A nice quiet night below the locks and this morning was fine but cool, we are talking fleeces again and not tee shirts. We planed to set off at 1000hrs and a boat came down the flight about 0930 hr, before we could respond a boat came the other way and went up ahead of us, so turning the locks. However this didn't make much difference because although we had to turn lock 12 there was a boat coming down assisted by a volockie at lock 10, so a short wait and the rest were with us.
The Volockie that came down with the boat soon joined us for our upward journey, but only for a couple of locks, after that we met boats at every lock except number one where another volunteer keeper (Volockie) asked Diana why she bothered to draw the bottom paddles and not just open the gates, I am not sure if Diana explained how with a leaking top gate an empty lock soon starts to fill and you can't open the gate with a 6" differential of water level.
At the top of each lock on this flight is a metal peg set in the ground on the offside. this was used to get extra purchase on the tow line so the horse could get the boat moving out or the lock easier.
Lock 2 was interesting with 3 I think Germans coming down, the one by the lock had a reasonable idea, but the other two wouldn't listen to him so they ended up with their boat wedged across the cut just above the lock due to one of them tying the bow rope off far to short.
I often pick up fenders that people lose off their boats, today I picked up two wheelbarrow wheels, these are useful if you need to keep the boat a bit further out, only they had a couple of unwelcome passengers onboard.
Only one of the swing bridges was in operation today and it is electrically motivated.
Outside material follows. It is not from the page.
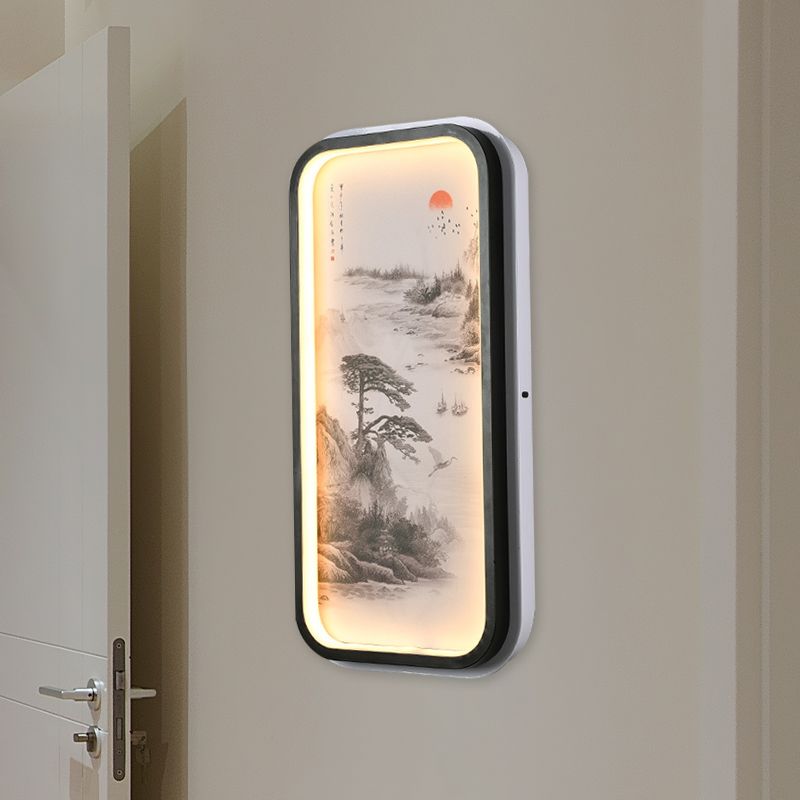 Oriental Rectangle Acrylic Pine Tree Mural Light LED Wall Lighting Idea in Black for Guest Room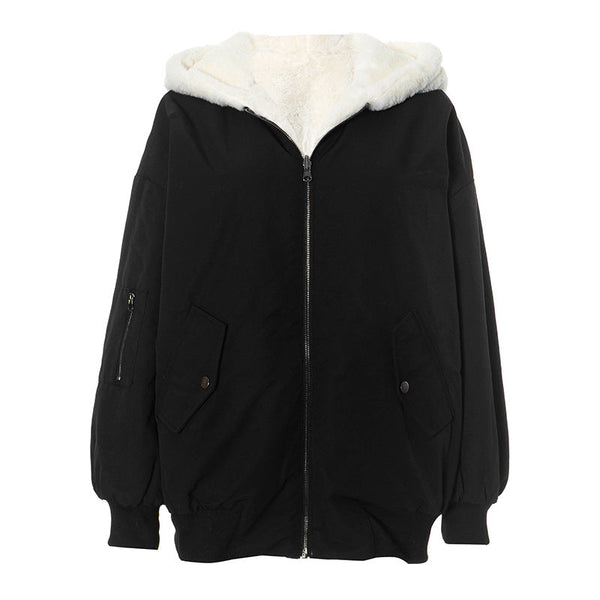 Long sleeve hoodie fluffy 2-way pocket zip-up coat top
We only managed to stop 2 cyclists and a chap towing a trailer. Once the boat has passed it seams to take ages as first it closes, then drops down onto the supports before finally the barriers lift allowing the traffic to pass again. For some reason the footpath one is open and the footpath closed.
We decided not to moor on the pontoons in Macclesfield but to continue on out into the country side. Directly opposite the mooring pontoons they are building luxury retirement apartments and the notices on the fencing say Danger Asbestos but I doubt there is any there as I don't think a fence would contain it.
We tried several times to moor, we did get in at one spot but the boat ahead had a rather noisy petrol generator running on top of his roof so we pushed on and finally moored in Bollington opposite Bollington Wharf Marina where we will have the tank emptied in the morning.
Today has been bit of a day for birds, firstly where we tried to moor but failed this family of young Swallows were sitting on a fence and the parents kept swooping in to feed them. Then there was the Heron, just waiting to strike at a fish but was disturbed by two people approaching from behind the boat. To top it all was a duck with ether 15 or 16 chicks, we couldn't count them as they swam around like little dodgem cars so we tried counting in the photograph.